Records for this exercise ::
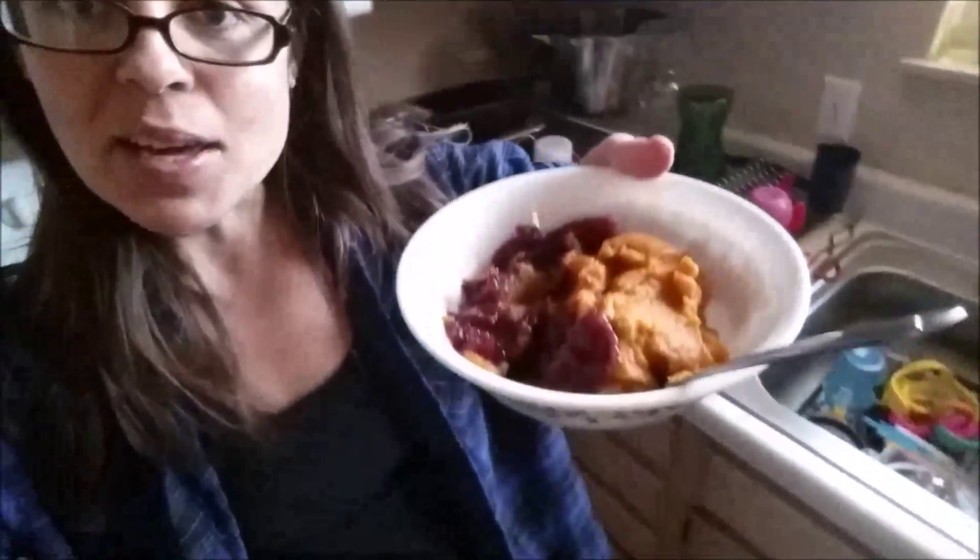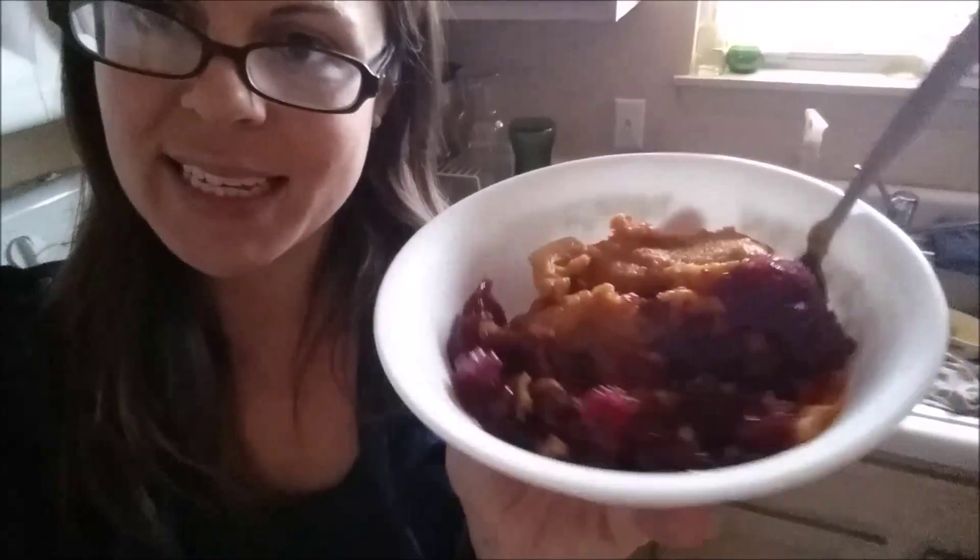Hey guys, just want to tell you what I'm up to here. I've been having grapefruit juice, and this is my new invention — I didn't really come up with it, some baby food people came up with it. I used to buy it; I actually had a baby food phase when I was first going vegetarian and I loved it. So just pumpkin — organic pumpkin in the can here.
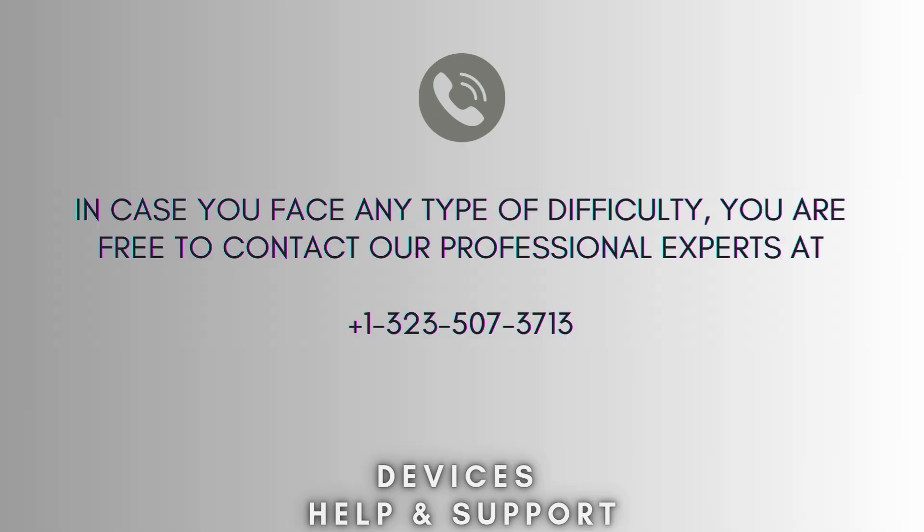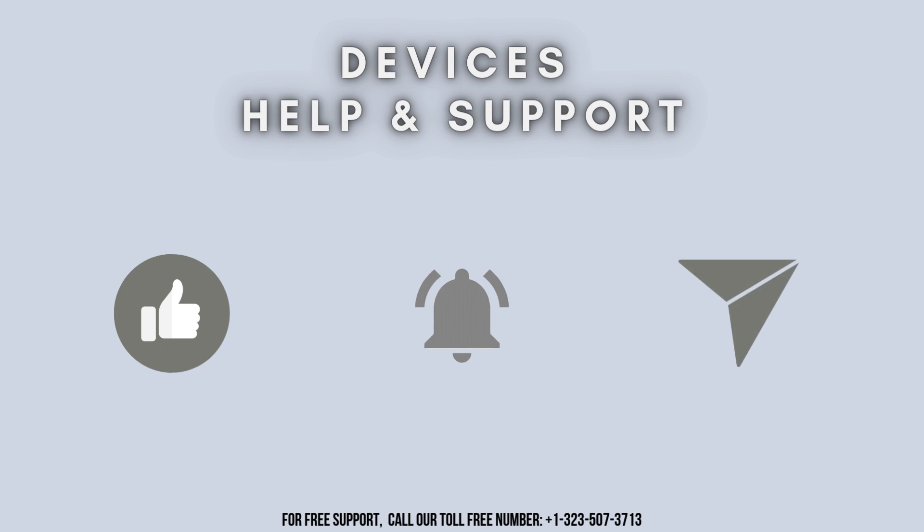Now your setup process is complete. I hope this video will prove helpful for you. In case you face any type of difficulty, you are free to contact our professional experts at 1-323-507-3713. Our expert team will always guide you. Thank you so much for watching our video. Don't forget to like, share, and subscribe to our YouTube channel, Devices Help and Support. Stay tuned for more updates.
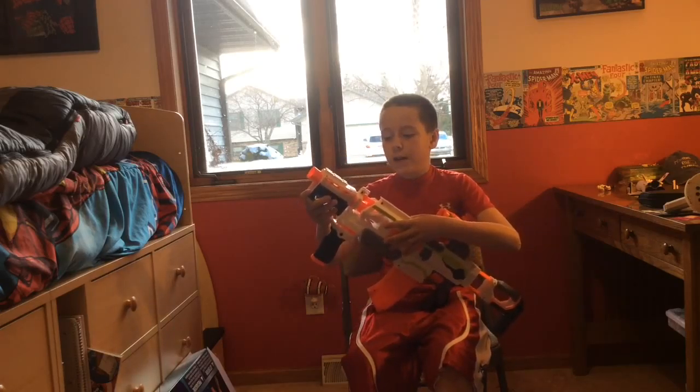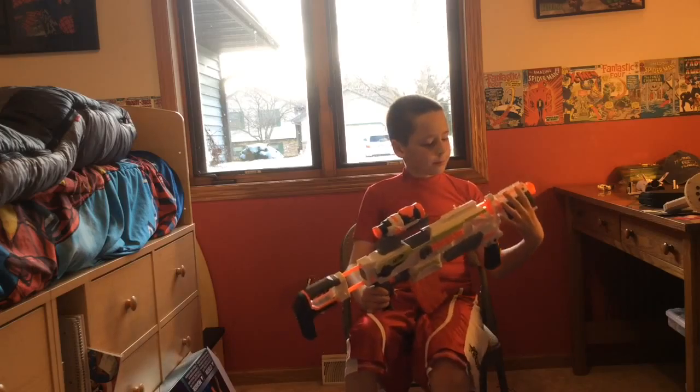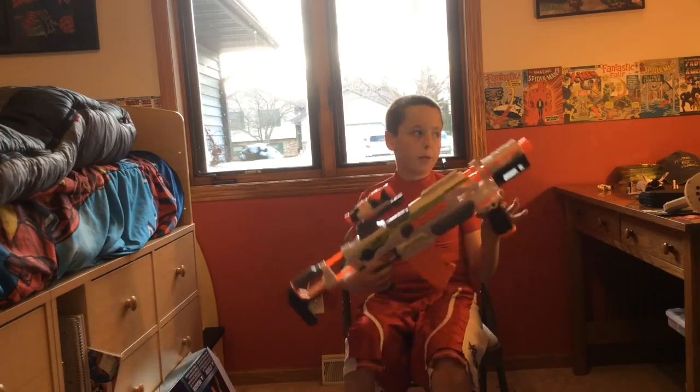Hey guys, this is me Colton. I'm doing a video on the Nerf Modulus, if that's what it's called. Sorry if I pronounced that wrong.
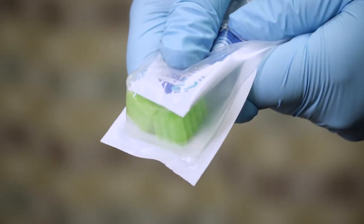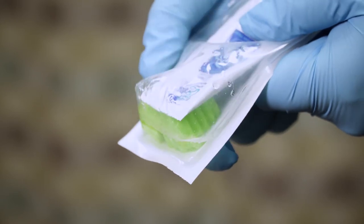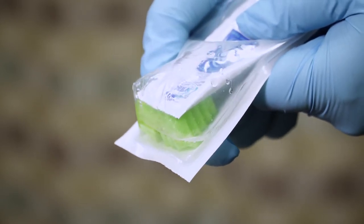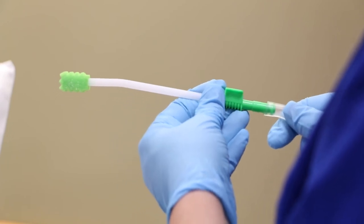Before opening, use your thumbs to burst the solution packet. This releases the oral solution and saturates the swab. Peel the lid to open the package, remove the suction swab, and attach it to the suction tubing.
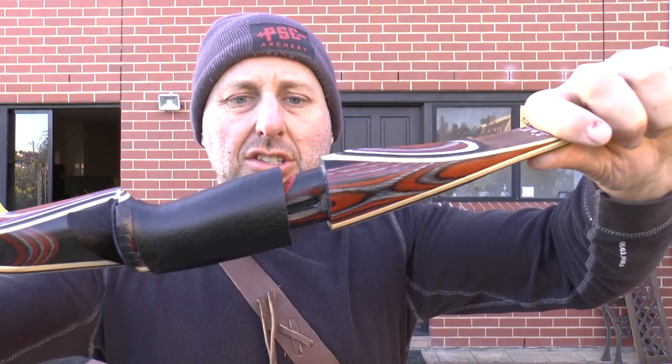Hi, I'm Stephen Hand from Archery Supplies. This is the R2 Takedown Longbow. This is the more expensive of the Takedown Longbows. It's 60 inches and the two halves basically push together like so.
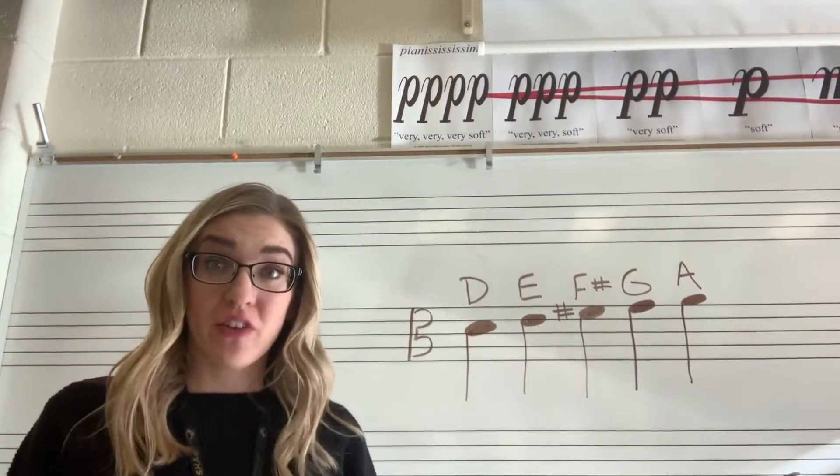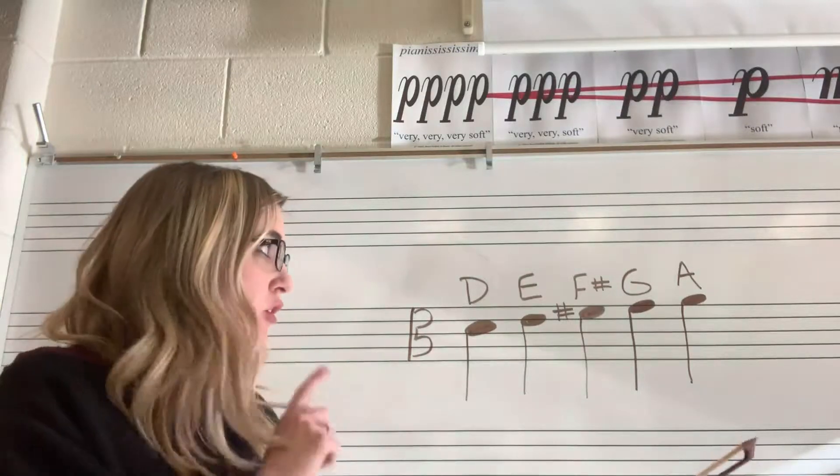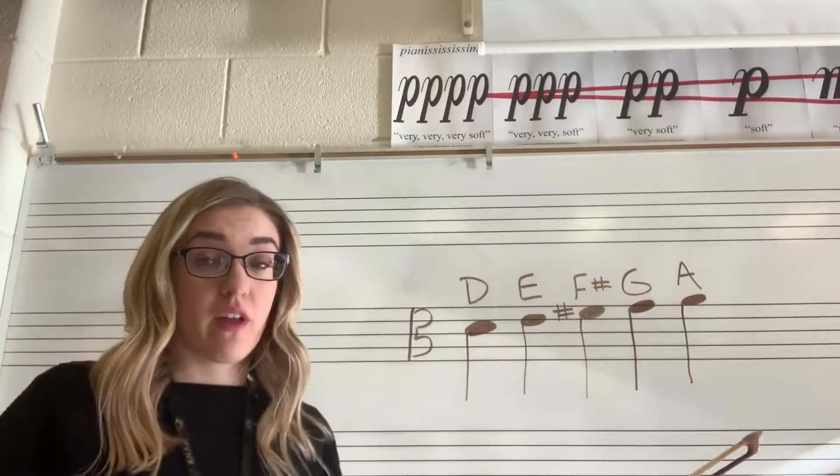Hi beginner violas. So for your challenge this week, I want you to try to learn two more notes. We already knew D, E, and F sharp, but we're going to add G and A, and that's what they look like on the staff.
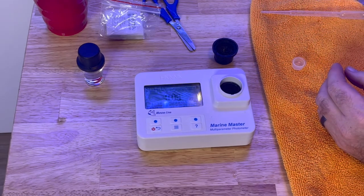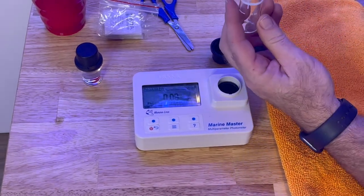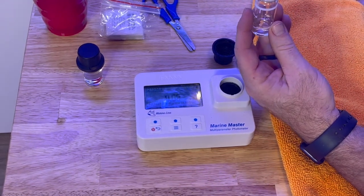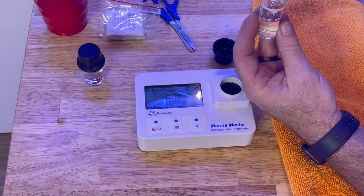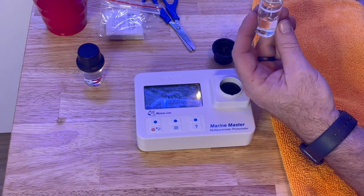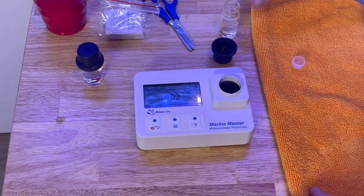I'm going to pour that out into the cup and clean my cuvette with some tank water, shake it around, and do that a couple times because I don't want any of the reagent from the phosphate test messing up my nitrate test. I'll put a little more water in, shake it again, and pour it out. Now I'm going to fill it up to the 10-milliliter line — I think it takes about four pipettes, approximately. I'll run that test and you'll see what my nitrates are. Last time I checked, they were just under 14, like 13.6 or 13.8.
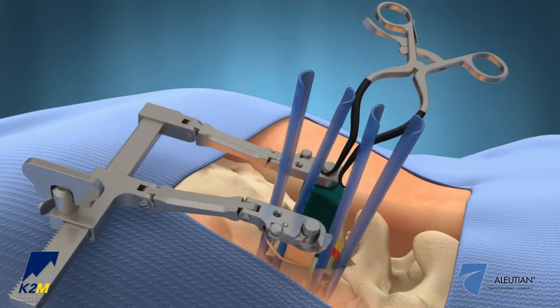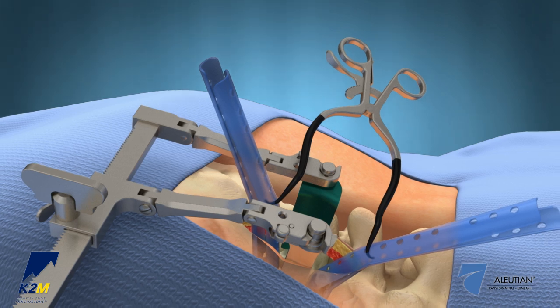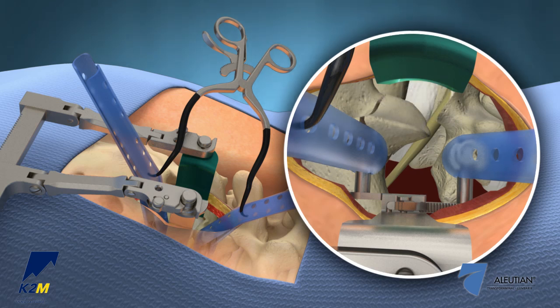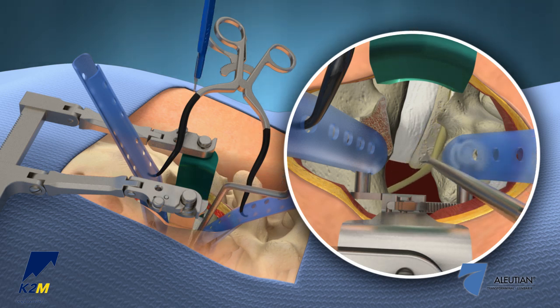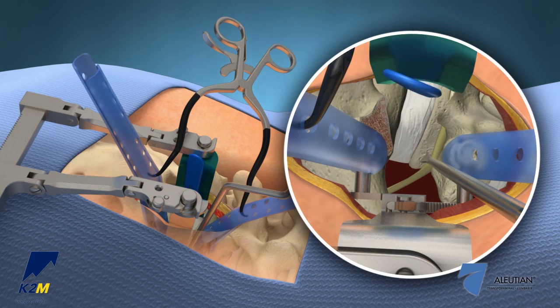Place a Gelpy retractor between the Serengeti retractors for cephalad-caudal retraction. Using a combination of surgical instruments, perform a facetectomy by boxing out the pars-laminar junction. A bayoneted nerve root retractor can be used to mobilize the nerve root and expose the annulus of the disc space. Using a scalpel, a portion of the annulus is removed and a complete discectomy is performed.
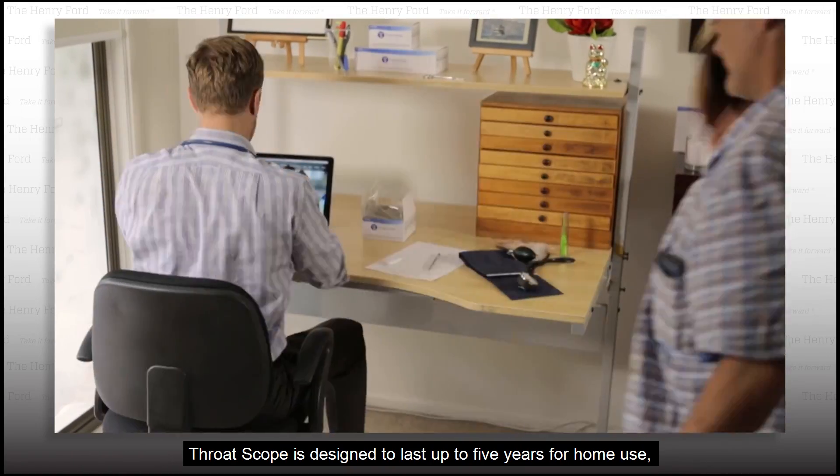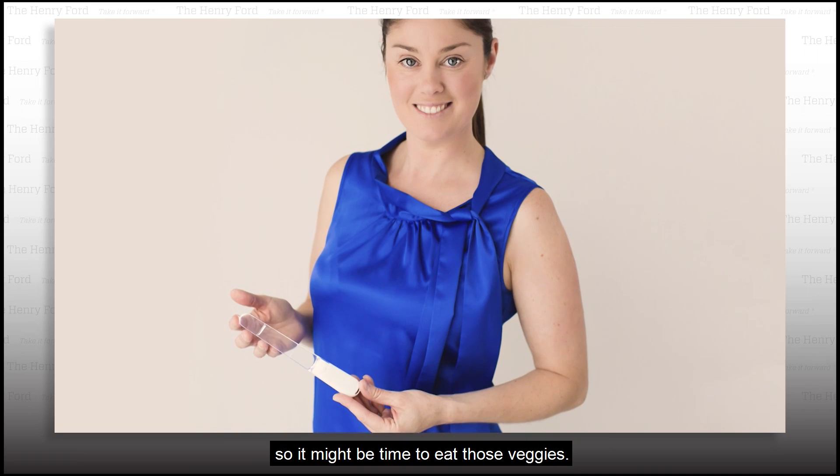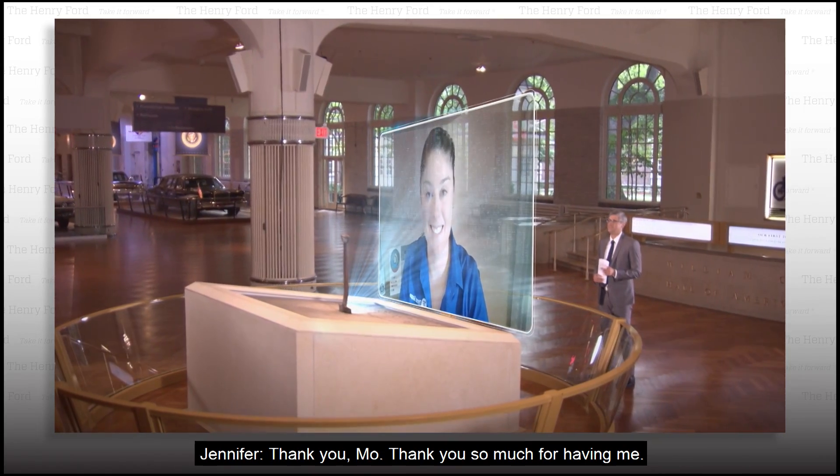Throat Scope is designed to last up to five years for home use, so it might be time to eat those veggies. Jennifer, thank you for being on our show. Thank you so much for having me.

What you will do ::
Where an entry contains an image, skip the image; repeat everything else exactly.

Expected answer ::
Hey guys, just want to tell you what I'm up to here. I've been having grapefruit juice, and this is my new invention — I didn't really come up with it, some baby food people came up with it. I used to buy it; I actually had a baby food phase when I was first going vegetarian and I loved it. So just pumpkin — organic pumpkin in the can here.
Now your setup process is complete. I hope this video will prove helpful for you. In case you face any type of difficulty, you are free to contact our professional experts at 1-323-507-3713. Our expert team will always guide you. Thank you so much for watching our video. Don't forget to like, share, and subscribe to our YouTube channel, Devices Help and Support. Stay tuned for more updates.
Hey guys, this is me Colton. I'm doing a video on the Nerf Modulus, if that's what it's called. Sorry if I pronounced that wrong.
Before opening, use your thumbs to burst the solution packet. This releases the oral solution and saturates the swab. Peel the lid to open the package, remove the suction swab, and attach it to the suction tubing.
Hi, I'm Stephen Hand from Archery Supplies. This is the R2 Takedown Longbow. This is the more expensive of the Takedown Longbows. It's 60 inches and the two halves basically push together like so.
Hi beginner violas. So for your challenge this week, I want you to try to learn two more notes. We already knew D, E, and F sharp, but we're going to add G and A, and that's what they look like on the staff.
I'm going to pour that out into the cup and clean my cuvette with some tank water, shake it around, and do that a couple times because I don't want any of the reagent from the phosphate test messing up my nitrate test. I'll put a little more water in, shake it again, and pour it out. Now I'm going to fill it up to the 10-milliliter line — I think it takes about four pipettes, approximately. I'll run that test and you'll see what my nitrates are. Last time I checked, they were just under 14, like 13.6 or 13.8.
Place a Gelpy retractor between the Serengeti retractors for cephalad-caudal retraction. Using a combination of surgical instruments, perform a facetectomy by boxing out the pars-laminar junction. A bayoneted nerve root retractor can be used to mobilize the nerve root and expose the annulus of the disc space. Using a scalpel, a portion of the annulus is removed and a complete discectomy is performed.
Throat Scope is designed to last up to five years for home use, so it might be time to eat those veggies. Jennifer, thank you for being on our show. Thank you so much for having me.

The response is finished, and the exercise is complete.